• EXERCISE INSTRUCTIONS:
Using the data below, set down every line from the one containing "Apartament Lividus 307" through the one containing "49 Rawson Road, Unit", inclusive and unchanged. Pictures are to be skipped.

Extracted records
========================================
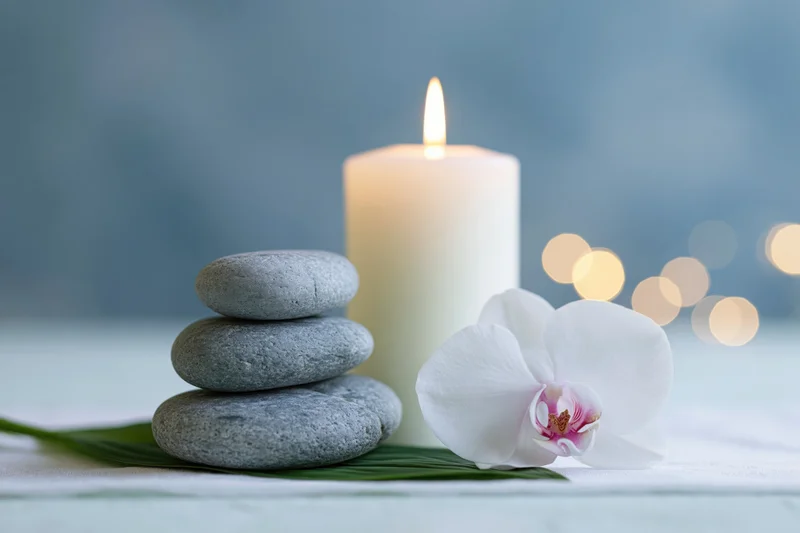 Stacked smooth grey zen stones beside a lit white pillar candle and a white orchid on a towel with bokeh lights in the background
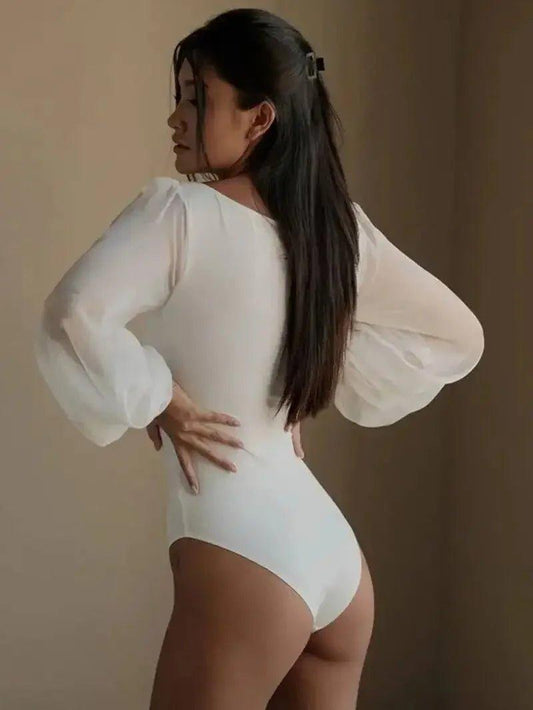 Woman in white bodysuit with sheer puff sleeves, back view, fashion apparel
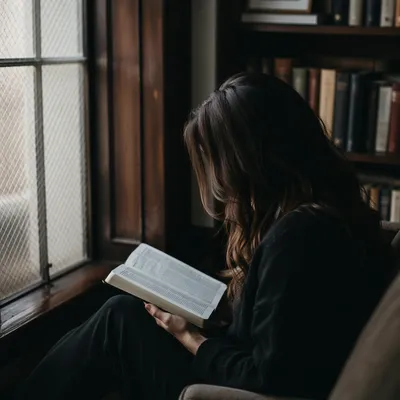 Woman Reading Bible Beside Frosted Window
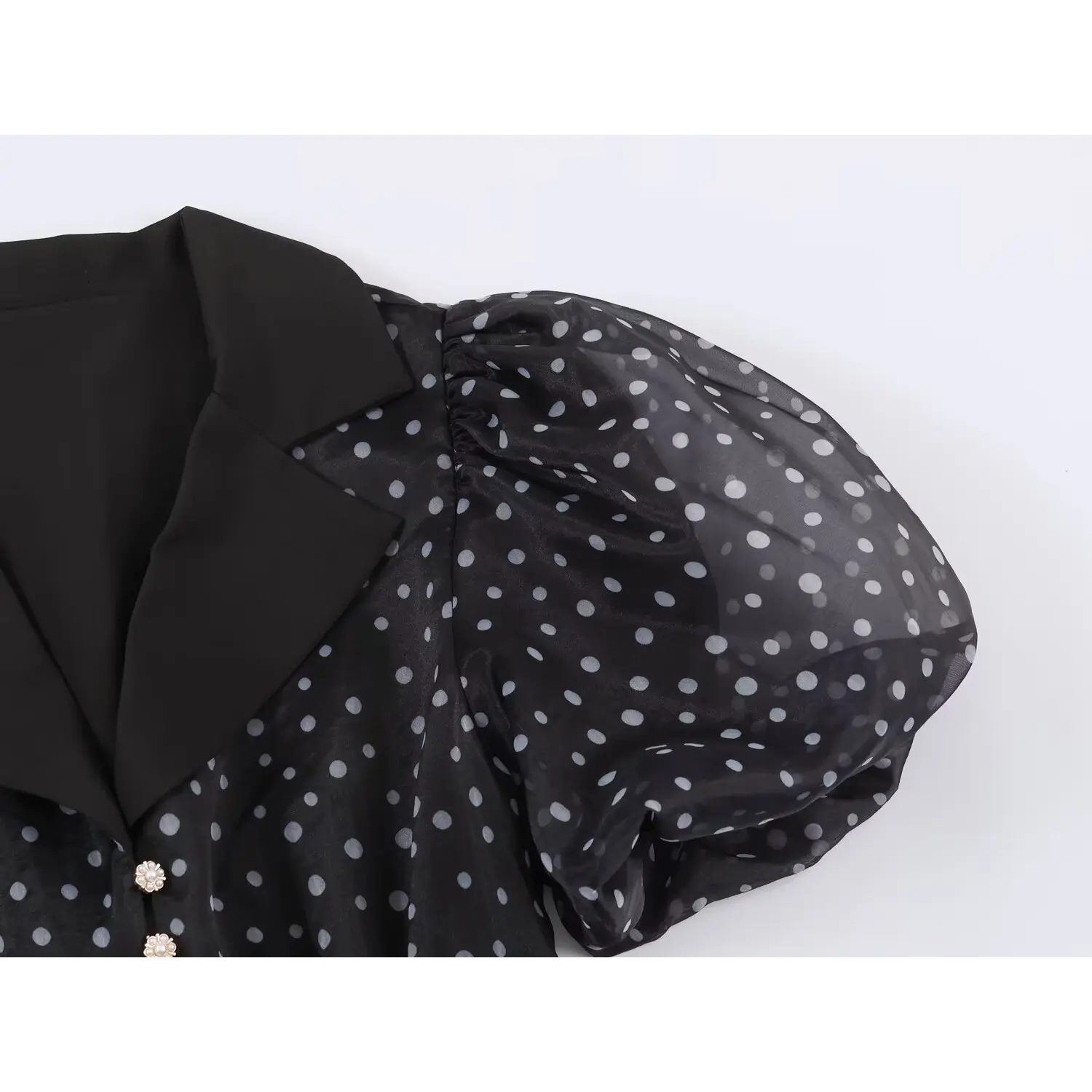 Close‑up of sheer organza puff short sleeve, gathered shoulder on black polka dot maxi dress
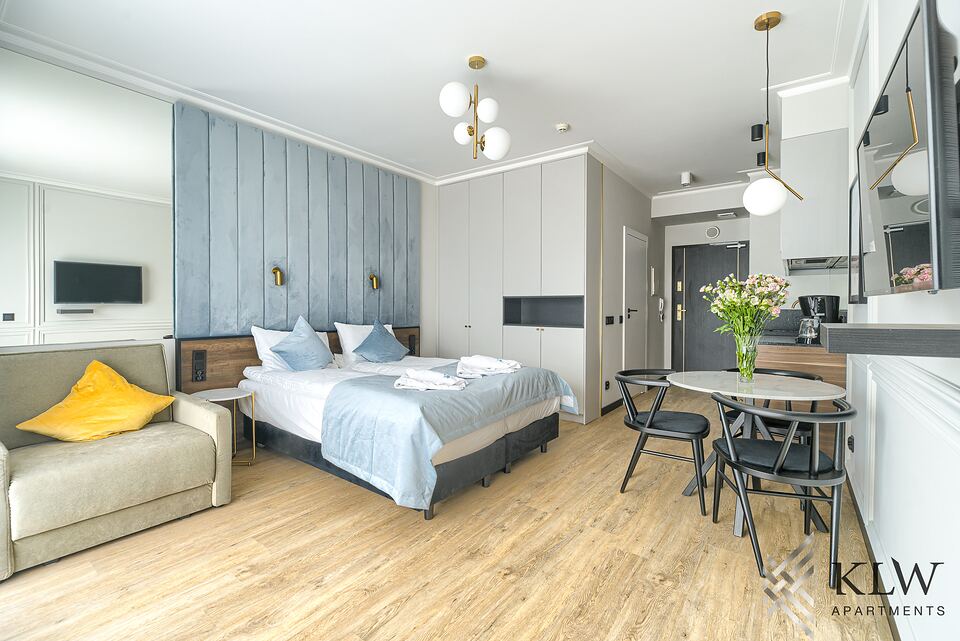 Apartament Lividus 307 w Świnoujściu – widok na całe wnętrze: sofa, łóżko, stół z krzesłami i aneks kuchenny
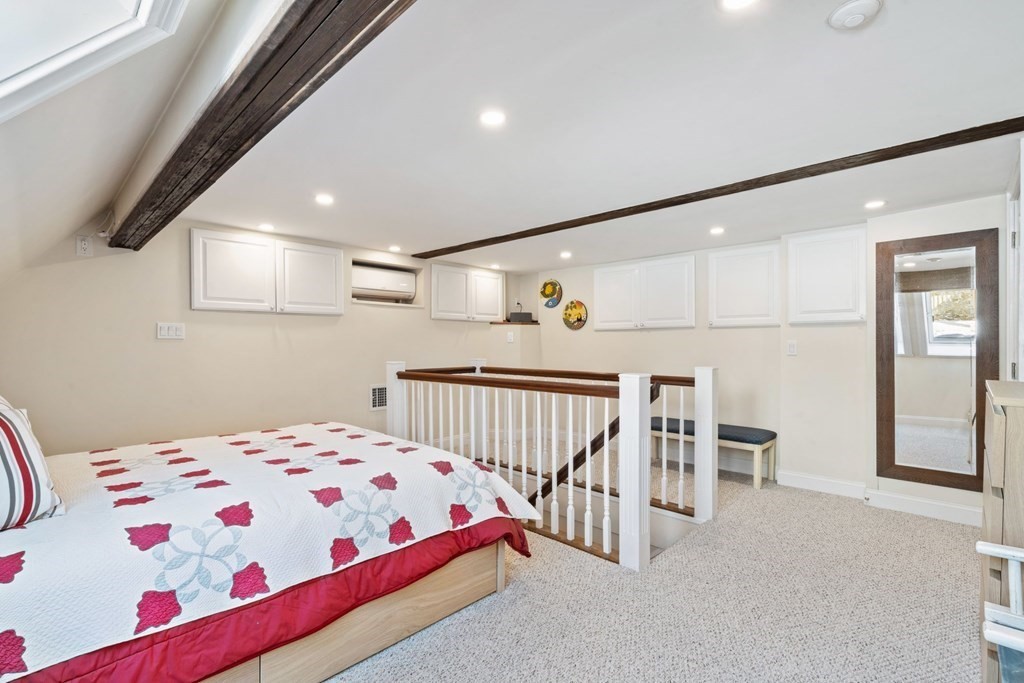 49 Rawson Road, Unit 49 Brookline, MA 02445 - Photo 27 of 42 a bedroom with a bed and cabinets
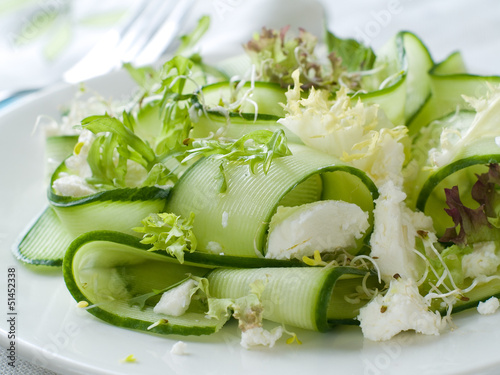 Photo: Fresh salad of cucumber, lettuce and goat cheese, selective focu Fresh salad of cucumber, lettuce and goat cheese, selective focu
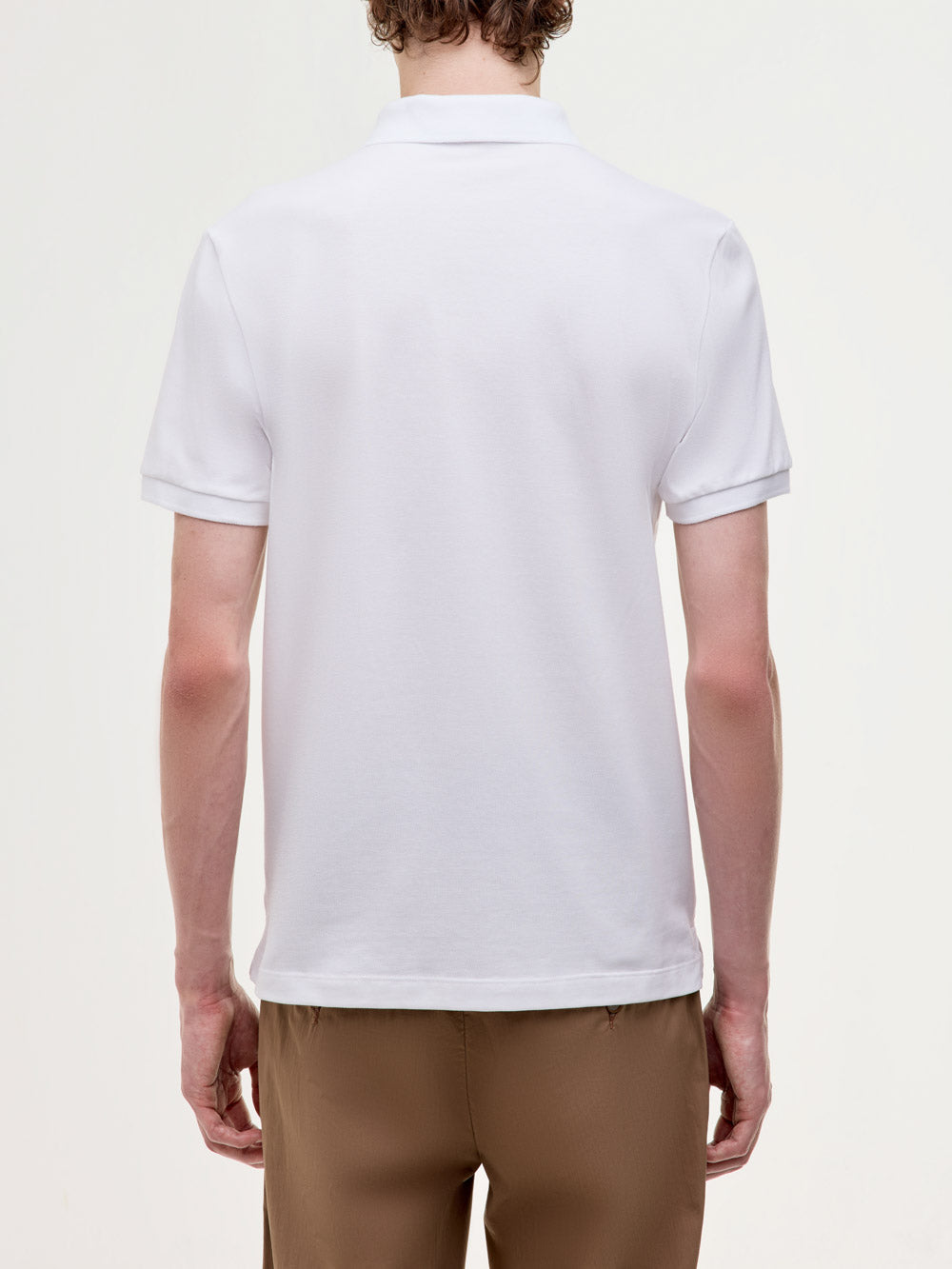 Polo in piquet stretch con logo ricamato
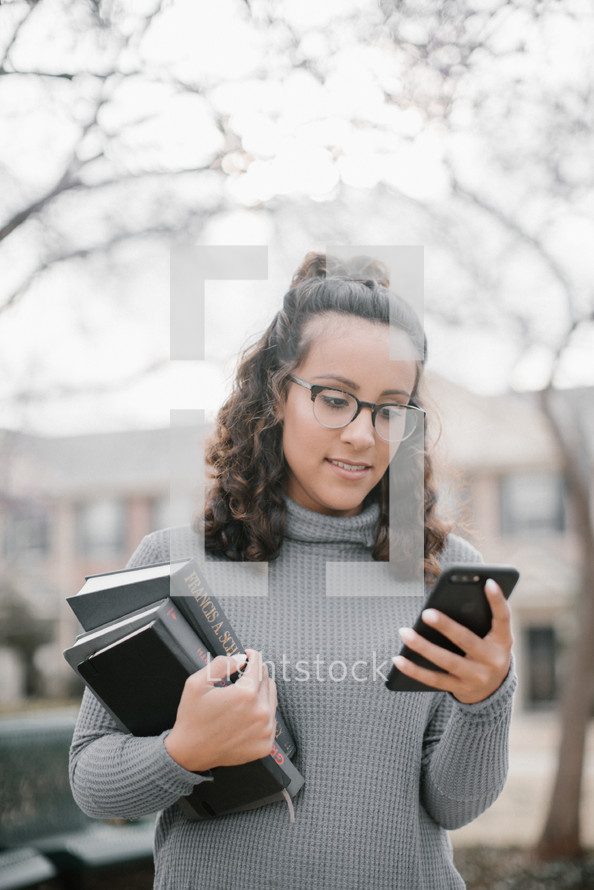 a young woman holding a stack of books and looking at her cellphone 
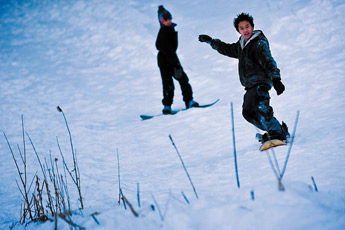 Nikki Paraguya, right and his friend JK Fiedachan practice snowboarding on a small slope near McGaffey Lake Sunday.— © 2010 Gallup Independent / Cable Hoover 
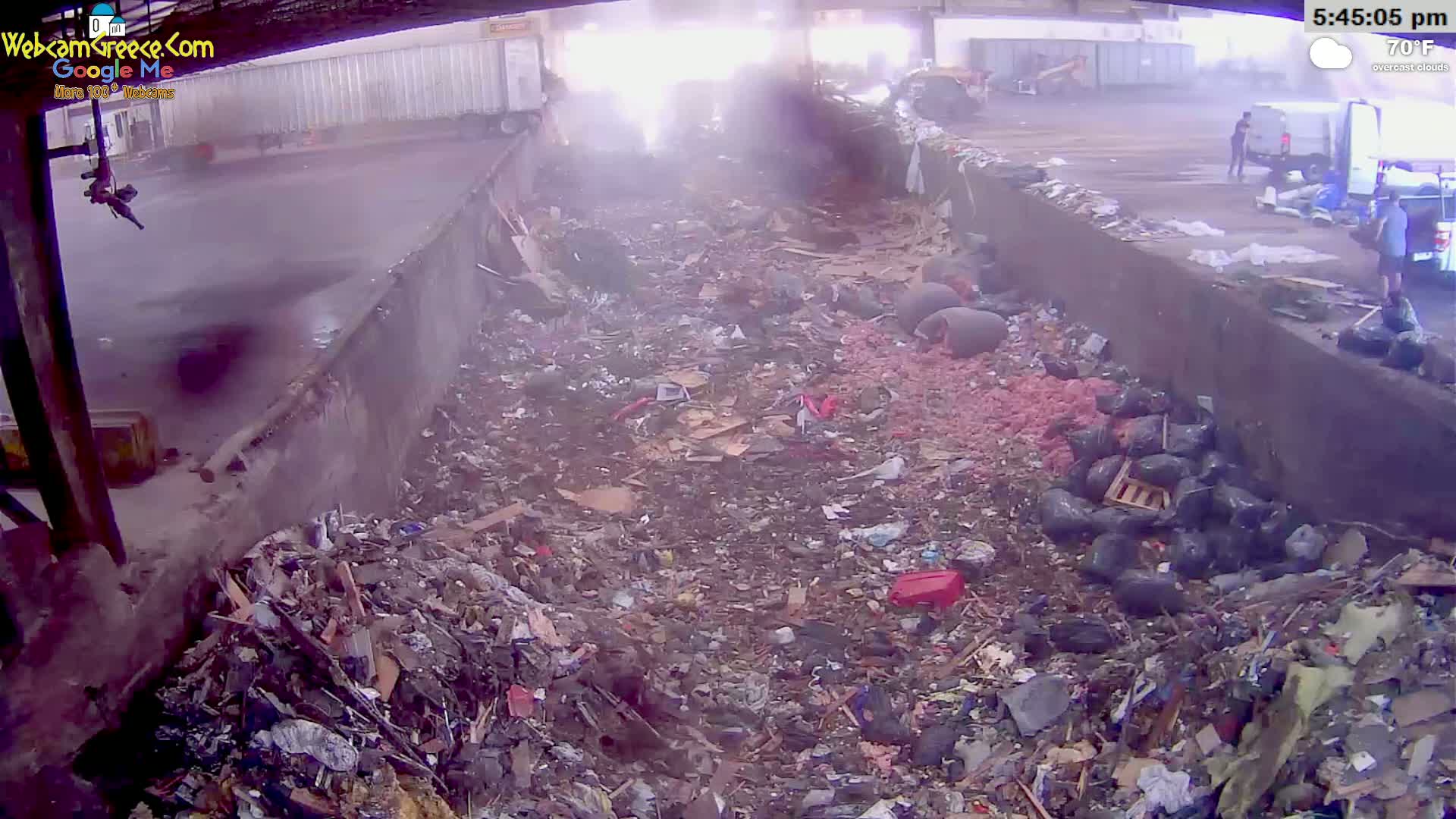 A large pile of trash and debris fills a concrete trough under an overcast sky, with several people visible in the background.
========================================
• OUTPUT FOR THIS TASK:
 Apartament Lividus 307 w Świnoujściu – widok na całe wnętrze: sofa, łóżko, stół z krzesłami i aneks kuchenny
 49 Rawson Road, Unit 49 Brookline, MA 02445 - Photo 27 of 42 a bedroom with a bed and cabinets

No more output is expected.